*About this exercise:*
Print the records below exactly, from the line containing "Hey guys, it's" down to the line containing "Hello viewers, hope", both lines included, and omit every picture.

*Supplied material:*
-.-.-

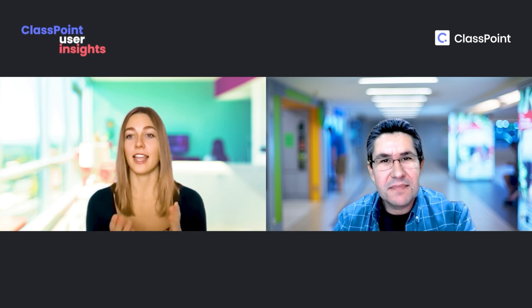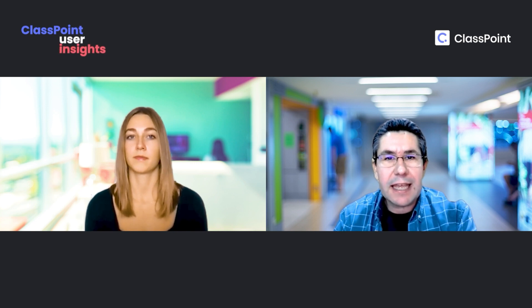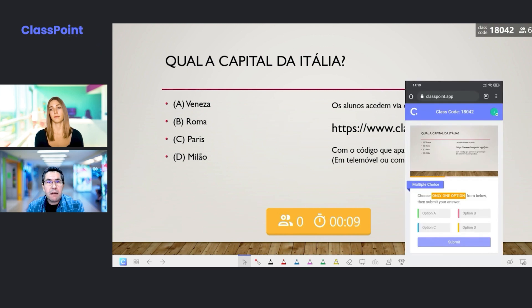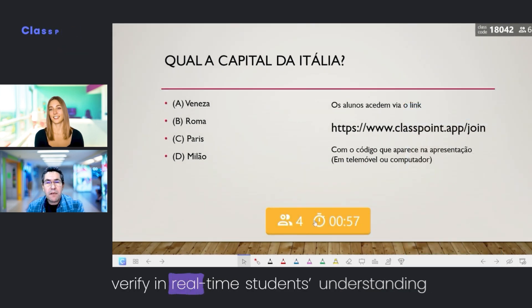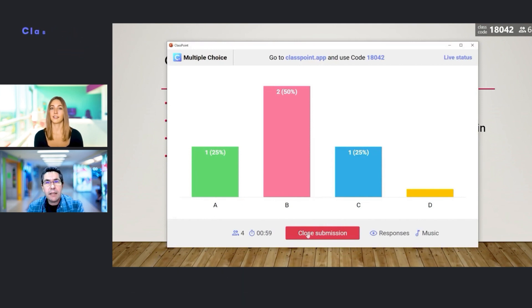The daily challenge for any teacher is to keep students engaged in class activities and get them to make mindful learnings. It's also very important to give students feedback about their learning. With ClassPoint, I can do this very easily and students really enjoy it. Using ClassPoint, I can verify in real time if all the students have learned certain content, and I can do this in a way that is enjoyable for the students, which makes them more engaged.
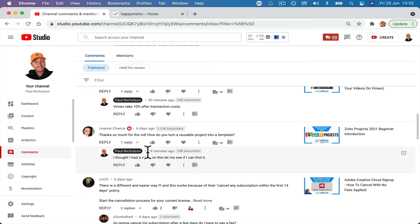Hey guys, it's Paul. I just want to answer Leanne's question about Zoho projects. Thanks for the video. You're welcome. How do you turn a reusable project into a template?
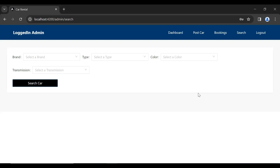Hello viewers, hope you're doing well. In the previous video I implemented the functionality of the search car API in Spring Boot and Angular for the admin module. Today in this video I'm going to implement an API to search the car for the customer module. So let's get started.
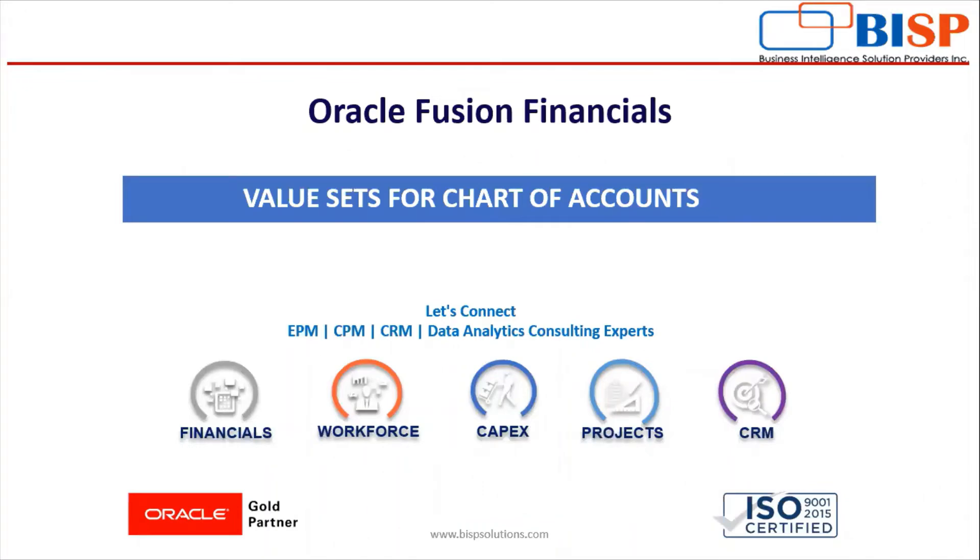Hello everyone, welcome to BISP Solutions. I'm TT Rajani, working here as a function consultant. In today's video, we are going to discuss about value sets in chart of accounts. Let's start.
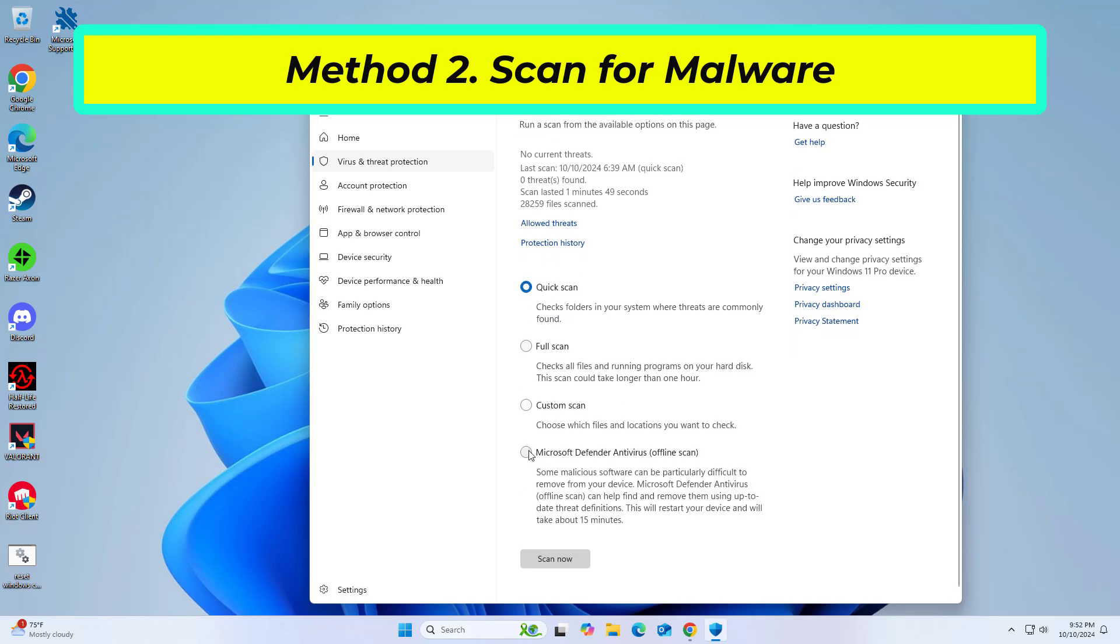A malware infection may be the cause of Capability Access Manager Service high CPU usage in Windows.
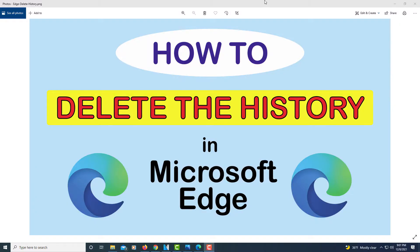This is going to be a video tutorial on how to delete the history in the Microsoft Edge web browser. Let me jump over to Microsoft Edge here.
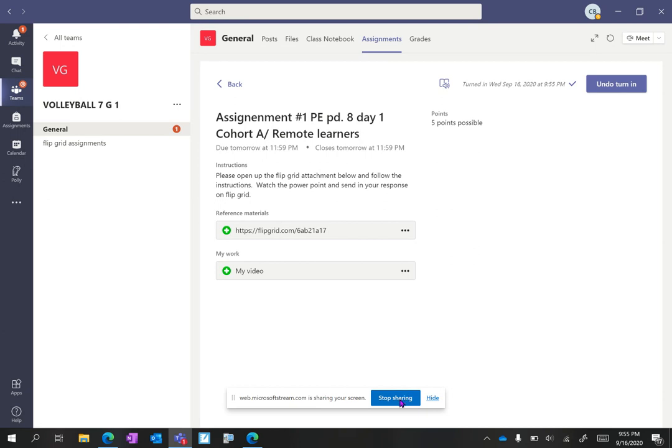So that's how you attach your Flipgrid video link to your Teams assignment.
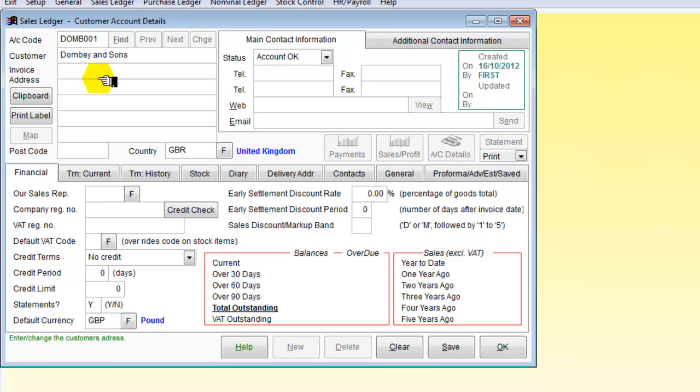Invoice address Dickens Street in Harworth. And we need a postcode for that.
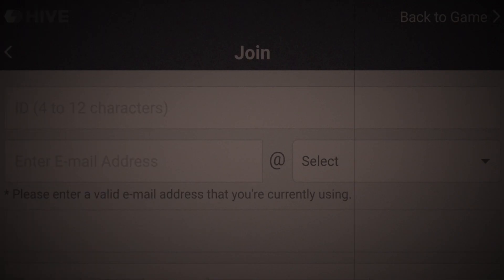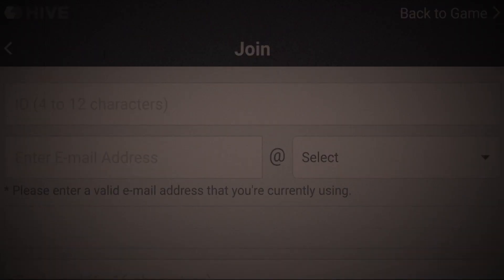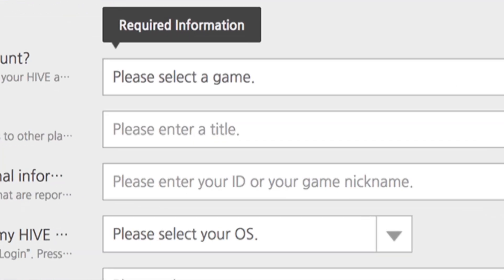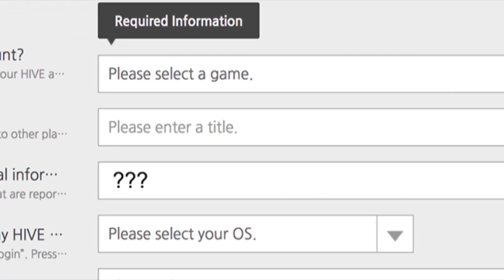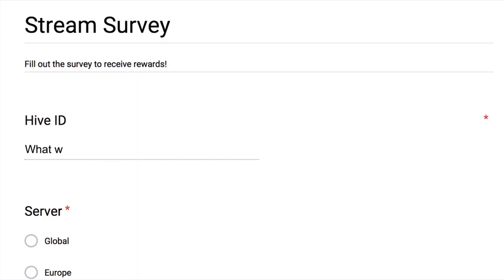I know that when some of you made your Hive ID, you could have looked out your window and seen a dinosaur, and it's hard to remember much from back then, so today I'm going to show you how to find your Hive ID in case you've forgotten it.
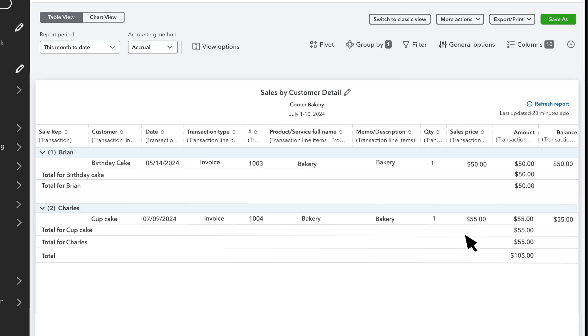Now the report shows the company's sales organized and totaled by Sales Rep. You can even save the customization if you want to run this report again later.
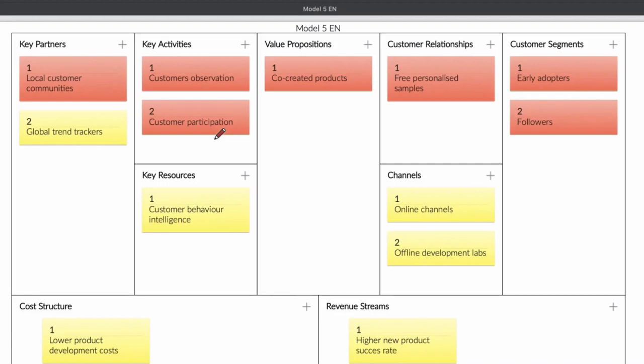Today we're going to talk about business model number 5. This is an interesting business model and I think everybody can use it. If you use it wisely, trust me, it's going to change your life.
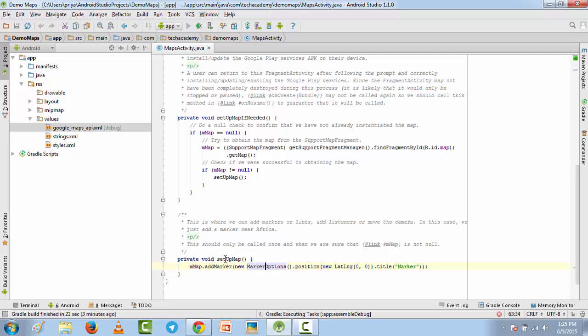What it will do is it will just show a fixed location and it will also add a marker. But if you want to know what your current location is, then you need to add some code here in the setup map method, and we'll do it in the next tutorial.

-.-.-

*Result:*
Hey guys, it's Paul. I just want to answer Leanne's question about Zoho projects. Thanks for the video. You're welcome. How do you turn a reusable project into a template?
Hello viewers, hope you're doing well. In the previous video I implemented the functionality of the search car API in Spring Boot and Angular for the admin module. Today in this video I'm going to implement an API to search the car for the customer module. So let's get started.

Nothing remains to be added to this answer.